An Impressive Audio Archive of John Cage Lectures & Interviews: Hear Recordings from 1963-1991

History has remembered John Cage as a composer, but to do justice to his legacy one has to allow that title the widest possible interpretation. He did, of course, compose music: music that strikes the ears of many listeners as quite unconventional even today, more than a quarter-century after his death, but recognizable as music nonetheless. He also composed with silence, an artistic choice that still intrigues people enough to get them taking the plunge into his wider body of work, which also includes compositions of words, many thousands of them written and many hours of them recorded.

Ubuweb offers an impressive audio archive of Cage's spoken word, beginning with material from the 1960s and ending with a talk (embedded at the top of the post) he gave at the San Francisco Art Institute in the penultimate year of his life.
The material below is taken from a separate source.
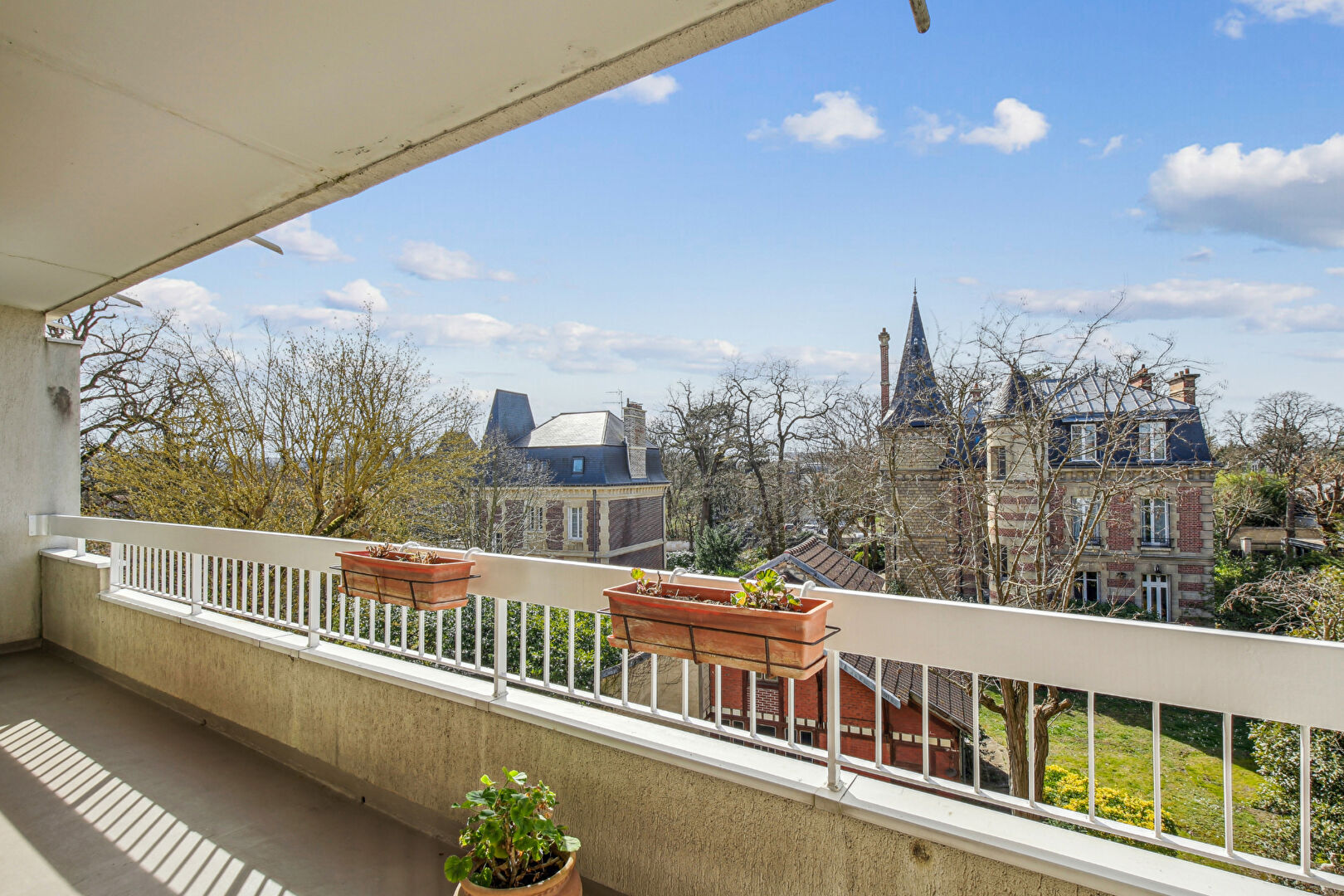 Appartement situé à Chatou de 114 m² avec 3 chambres terrasse et balcon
There he read a 30-minute piece called "One 7" consisting of "brief vocalizations interspersed with long periods of silence" before taking audience questions which "range from inquiries about the process by which Cage composes, his lack of interest in pleasing an audience, his love of mushrooms, Buddhism, chance operations, and whether Cage can stand on his head."

Turn the Cage clock back 28 years from there and we can hear a spirited 1963 conversation between him and Jonathan Cott, the young music journalist later known for conducting John Lennon's last interview. "At every turn Cott antagonizes Cage with challenging questions," says Ubuweb, adding that he marshals "quotes from numerous sources (including Norman Mailer, Michael Steinberg, Igor Stravinsky and others) criticizing Cage and his music."




Cage, in characteristic response, "parries Cott's thrusts with a veritable tai chi practice of music theory." This contrasts with the mood of Cage's 1972 interview alongside pianist David Tudor embedded just above, presented in both English and French and featuring references to the work of Henry David Thoreau and Marcel Duchamp.

Cage has more to say about Duchamp, and other artists like Jasper Johns and Robert Rauschenberg, in the undated lecture clip from the archives of Pacifica Radio just above. Have a listen through the rest of Ubuweb's collection and you'll hear the master of silence speak voluminously, if sometimes cryptically, on such subjects as Zen Buddhism, anarchism, utopia, the work of Buckminster Fuller, and "the role of art and technology in modern society." The contexts vary, both in the sense of time and place as well as in the sense of the performative expectations placed on Cage himself. But even a sampling of the recordings here suggests that being John Cage, in whatever setting, constituted a productive artistic project all its own.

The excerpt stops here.